# [Task directions]
If pictures appear in the lines below, skip them and copy exactly the lines from the one containing "Nike Pantalones cortos" through the one containing "Women's Adidas Edmonton", and nothing else.

# [Data for this task]
-- Opening Marker --

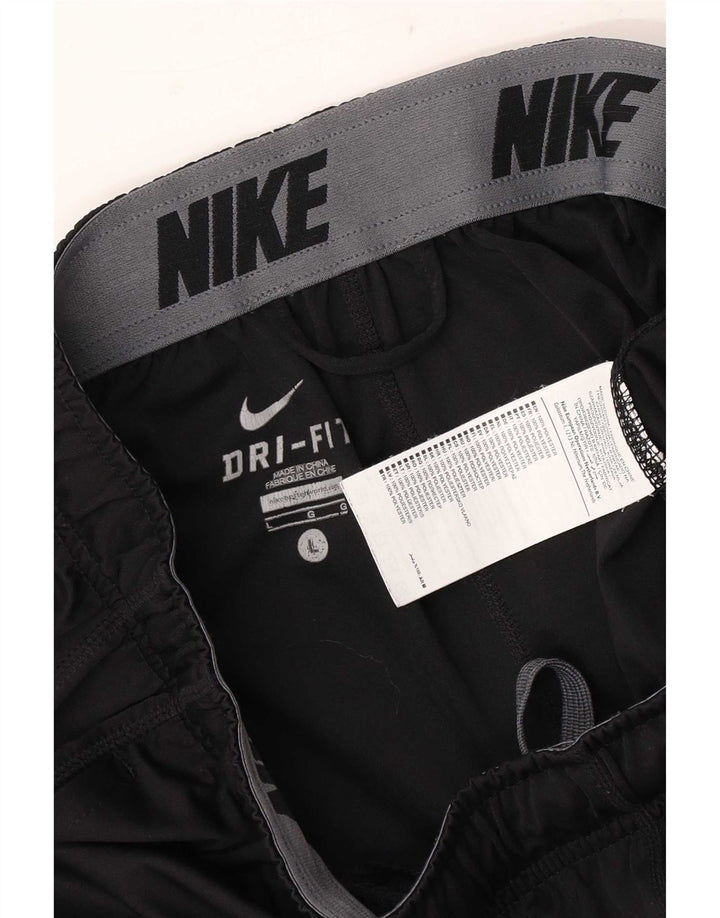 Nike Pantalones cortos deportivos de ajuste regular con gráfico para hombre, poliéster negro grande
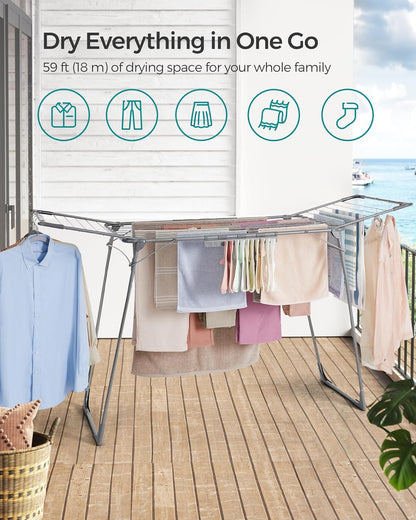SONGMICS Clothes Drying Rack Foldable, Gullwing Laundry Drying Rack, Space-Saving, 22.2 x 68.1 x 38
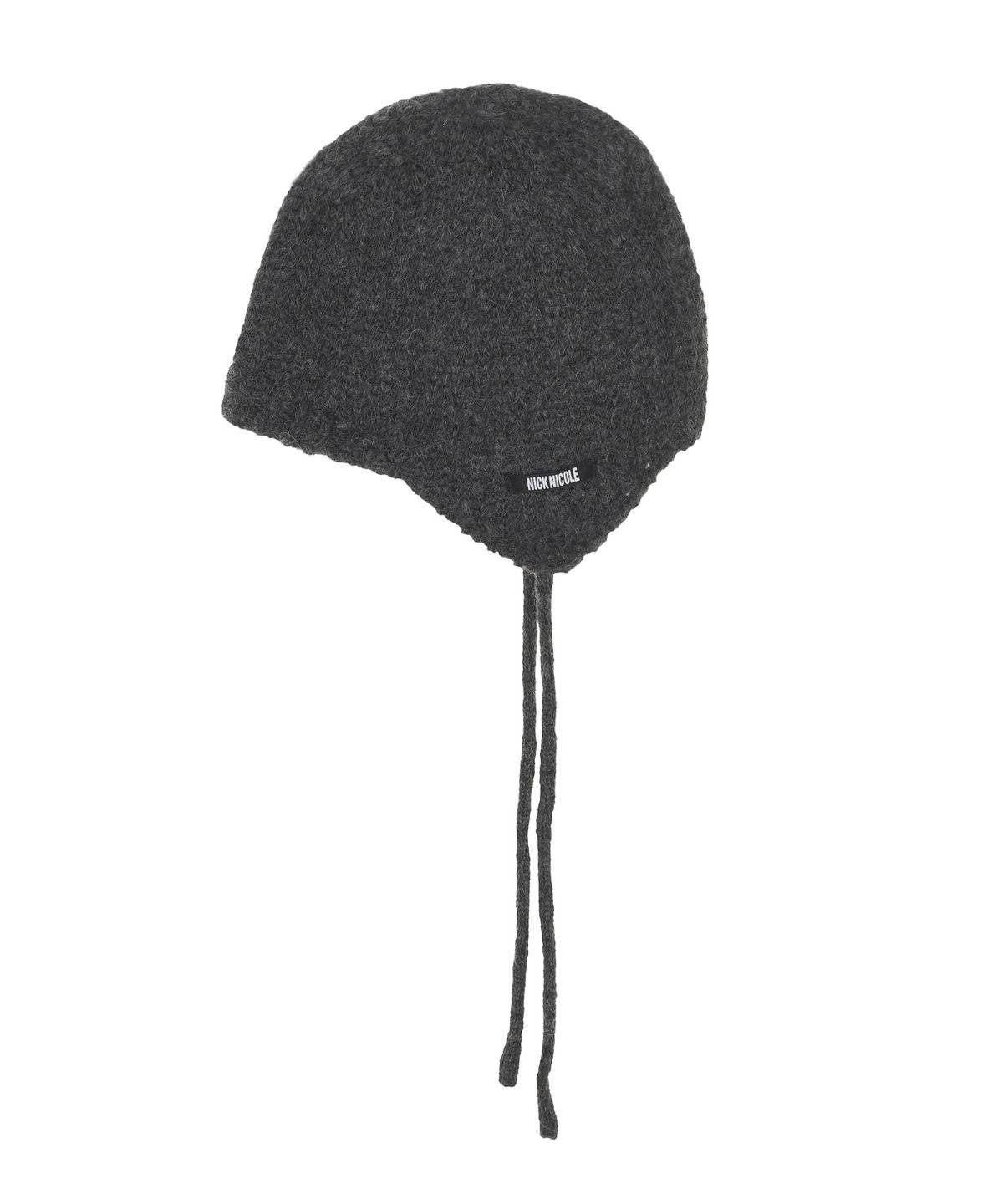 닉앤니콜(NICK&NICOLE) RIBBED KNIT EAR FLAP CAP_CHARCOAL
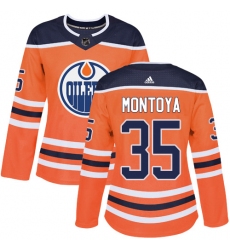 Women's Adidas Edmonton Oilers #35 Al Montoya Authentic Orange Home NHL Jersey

-- Closing Marker --
-- Opening Marker --

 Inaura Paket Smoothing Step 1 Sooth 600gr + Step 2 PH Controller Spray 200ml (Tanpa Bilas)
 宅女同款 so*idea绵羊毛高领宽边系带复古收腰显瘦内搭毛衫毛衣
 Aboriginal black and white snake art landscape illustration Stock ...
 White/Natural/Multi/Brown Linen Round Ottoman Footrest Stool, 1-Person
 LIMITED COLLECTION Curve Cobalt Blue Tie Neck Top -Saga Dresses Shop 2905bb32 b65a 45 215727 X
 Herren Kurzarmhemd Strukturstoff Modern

-- Closing Marker --

# [Answer to the exercise]
 Nike Pantalones cortos deportivos de ajuste regular con gráfico para hombre, poliéster negro grande
SONGMICS Clothes Drying Rack Foldable, Gullwing Laundry Drying Rack, Space-Saving, 22.2 x 68.1 x 38
 닉앤니콜(NICK&NICOLE) RIBBED KNIT EAR FLAP CAP_CHARCOAL
 Women's Adidas Edmonton Oilers #35 Al Montoya Authentic Orange Home NHL Jersey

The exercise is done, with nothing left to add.